Article on the front cover of small methods

Congratulation to Leonid Mill, Tom Wirtz (Luxembourg Institute of Science and Technology), Silke Christiansen (Institut für Nanotechnologie und korrelative Mikroskopie) and Andreas Maier for being featured on the front cover of “Small Methods” with their article “Synthetic Image Rendering Solves Annotation Problem in Deep Learning Nanoparticle Segmentation”. In the context of the highly interdisciplinary research project npSCOPE, that aims for the characterization of nanoparticles, Mill et al. developed a method that solves the data annotation problem for the deep learning-based segmentation of complex nanoparticle agglomerates in helium ion microscopy images. This work paves the way toward automated and high-throughput nanoparticle image analysis for a variety of applications.

Nanoparticles occur in various environments as a consequence of man-made processes, which raises concerns about their impact on the environment and human health. To allow for proper risk assessment, a precise and statistically relevant analysis of particle characteristics (such as size, shape, and composition) is required that would greatly benefit from automated image analysis procedures.
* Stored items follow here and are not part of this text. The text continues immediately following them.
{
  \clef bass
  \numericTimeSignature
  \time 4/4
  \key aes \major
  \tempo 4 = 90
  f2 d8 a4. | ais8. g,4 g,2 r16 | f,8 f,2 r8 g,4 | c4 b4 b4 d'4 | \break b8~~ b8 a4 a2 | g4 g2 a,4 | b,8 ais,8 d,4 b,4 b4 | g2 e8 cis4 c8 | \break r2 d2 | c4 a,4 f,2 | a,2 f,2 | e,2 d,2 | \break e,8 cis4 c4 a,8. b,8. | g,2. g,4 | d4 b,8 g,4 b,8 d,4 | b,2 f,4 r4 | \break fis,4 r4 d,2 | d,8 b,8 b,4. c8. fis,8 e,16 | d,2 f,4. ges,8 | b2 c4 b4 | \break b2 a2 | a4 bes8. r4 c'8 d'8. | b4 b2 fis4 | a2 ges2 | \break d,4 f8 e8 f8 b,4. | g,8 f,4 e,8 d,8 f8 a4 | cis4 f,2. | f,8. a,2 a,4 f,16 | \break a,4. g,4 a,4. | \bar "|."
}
While deep learning shows impressive results in object detection tasks, its applicability is limited by the amount of representative, experimentally collected and manually annotated training data. Here, an elegant, flexible, and versatile method to bypass this costly and tedious data acquisition process is presented. It shows that using a rendering software allows to generate realistic, synthetic training data to train a state-of-the art deep neural network. Using this approach, a segmentation accuracy can be derived that is comparable to man-made annotations for toxicologically relevant metal-oxide nanoparticle ensembles which were chosen as examples. The presented study paves the way toward the use of deep learning for automated, high-throughput particle detection in a variety of imaging techniques such as in microscopies and spectroscopies, for a wide range of applications, including the detection of micro- and nanoplastic particles in water and tissue samples.

The research leading to these results has received funding from the European Union’s Horizon 2020 Research and Innovation program (Grant agreement No. 720964) as well as from the European Research Council (ERC) (Grant agreement No. 810316).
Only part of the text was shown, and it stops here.